I was like, damn, like this is real, Like I'm not gonna see my kids. I was outcast, I was killed, and I was buried with sixty one years of dirt to lie in the tomb called prison. And I was shattered, you know, so much so when I went to prison, I had what you call delusions of reprieve. Something good's gonna happen. God is gonna open up the door and for me. You know, while I was sitting in prison, I wore my coat and my boots in my bunk. They say, man, why are you doing that? Because they
gonna come get me. Man, you're tripping. I was broken, right, So that's the gist of it.
But I see it also as just not losing hope. You had to believe that you weren't gonna spend sixty some years in prison. So I'm really interested in hearing because I did six and a half years, and it breaks my heart to know that you spent twenty five years in prison, and so I just want to hear about your strength and how you spent your time in prison, especially two of ten years. At that time, I believe I read you were in solitary confinement. So how did you keep yourself strong?
So, you know, in order to see somebody at their highest heights, you must know where they being that they low was lows. When I explained to you why I was that I was shattered. I could have gave up, but you can never give up on yourself. And you know when I came in, you know, I fought from day one.
I hit the law library.
I learned how to really read a case law and understand it. And you know, I was eventually, you know, put on solitary for participating in the prison riot that I didn't even participate in. So I was left with the question why me? And that question was answered, why not me?
Why not me? You know? So I had to get myself together.

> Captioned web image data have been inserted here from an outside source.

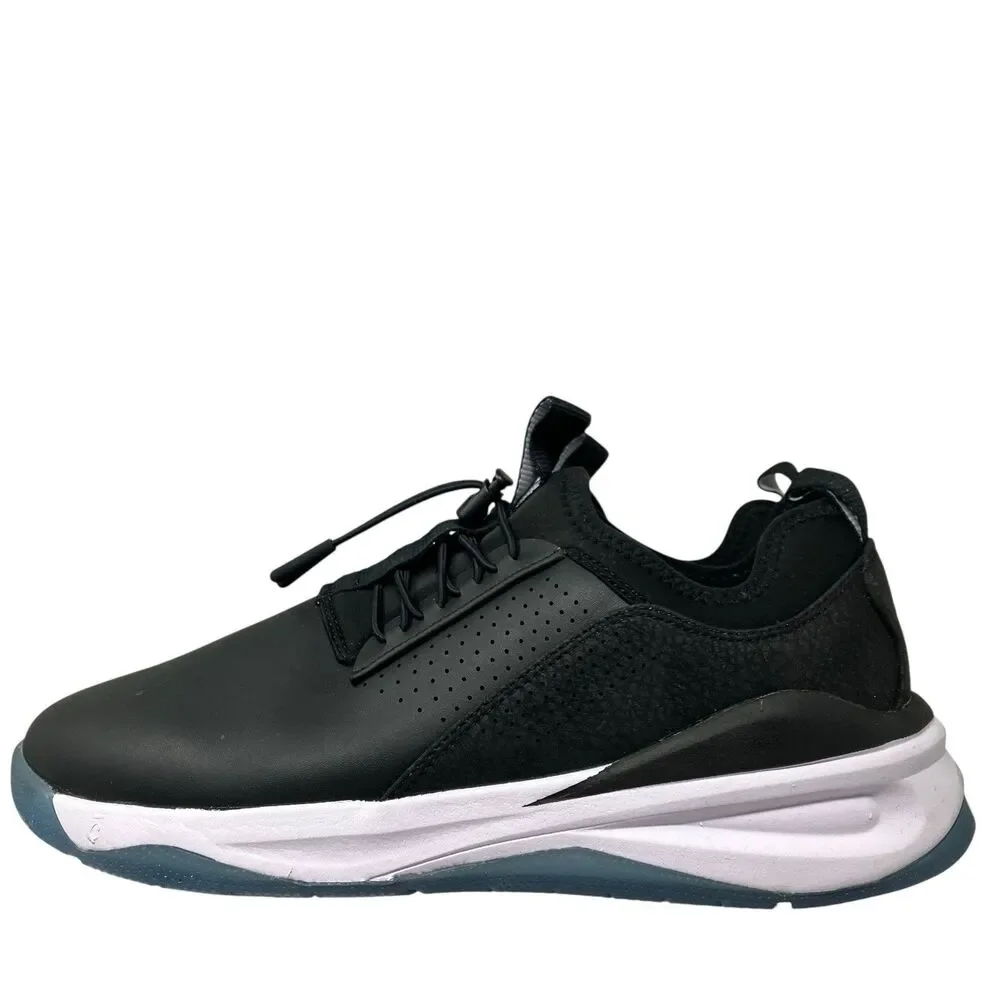 Clove Sneakers Mens 7.5 Black Blue Classic Healthcare Nurse Shoes Comfort *READ*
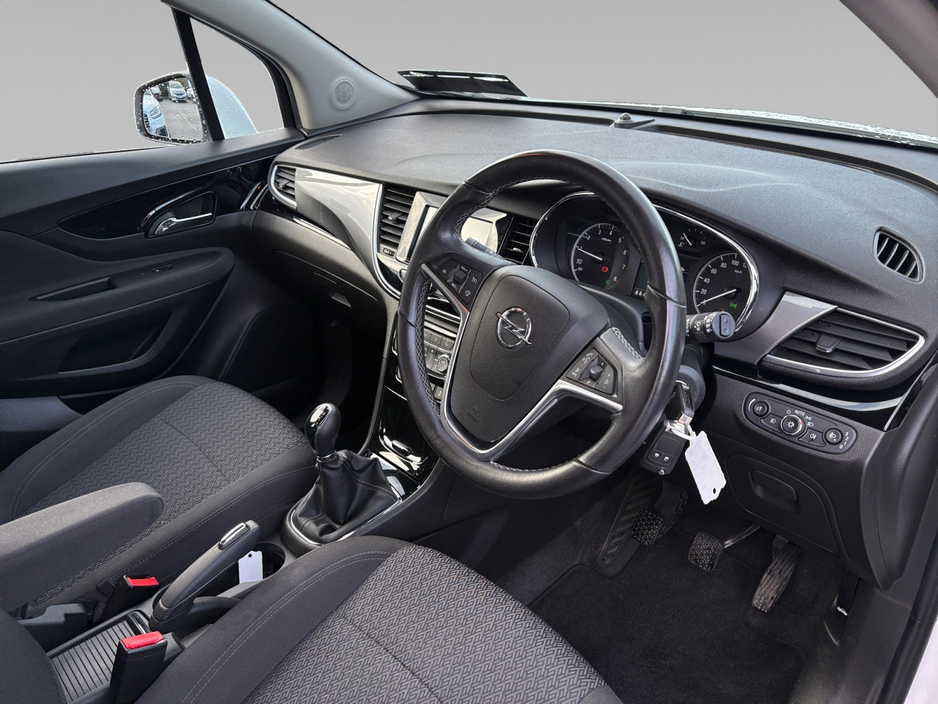2017 Opel Mokka X SC 1.4T 140PS FWD 4DR €10,900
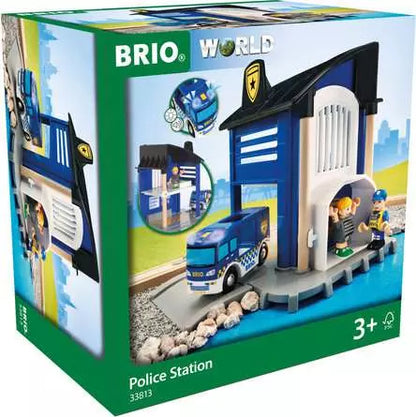 Brio Police Station Light & Sound #33813 - Little Pickles Toy Store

I had to eat, eat some spirit full, you know, eat some knowledge ful you know, every day. And one of the things that I learned when I was in solitary was acceptance, right acceptance. I had to accept that I was in that moment those circumstances, not the stance, the situation, but the things that are circumscribed around it. And once I started to accept that I got to go through this process, I became more creative with the tools around me. So my jail cell wasn't no longer
a jail cell. It wasn't solitary no more. It became solitude. It became a university, It became a healing center for me. It became, you know, a public speaking stage, you know, to the other solitary prisoners, the other eleven. So I did the best that I can do in there, and I impacted guys. My best moments in there was when I showed guys who were illiterate how to read, how to write right, when I gave somebody that was broken, man, I put them back together and gave them real confidence
and healing. See, they didn't see that when we was on the inside. When I had the mic, it don't matter. I'm the coldest ever, and I said it on record because I made them guys in their hope. That feel good, That feel good. That's what I do it for it right now?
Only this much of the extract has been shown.